• _INSTRUCTIONS TO FOLLOW_
If a line in the records below holds the string "with", count it, and state only the final count.

• _SOURCE DATA_
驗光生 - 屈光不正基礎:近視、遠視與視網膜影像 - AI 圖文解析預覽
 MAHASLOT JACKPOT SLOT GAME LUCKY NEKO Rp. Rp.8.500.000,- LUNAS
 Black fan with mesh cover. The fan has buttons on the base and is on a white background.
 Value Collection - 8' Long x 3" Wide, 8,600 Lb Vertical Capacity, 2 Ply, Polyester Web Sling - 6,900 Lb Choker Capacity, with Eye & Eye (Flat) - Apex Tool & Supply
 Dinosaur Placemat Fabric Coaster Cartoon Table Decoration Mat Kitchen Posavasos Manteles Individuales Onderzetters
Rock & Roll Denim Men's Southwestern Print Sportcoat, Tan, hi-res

• _FINISHED EXERCISE_
2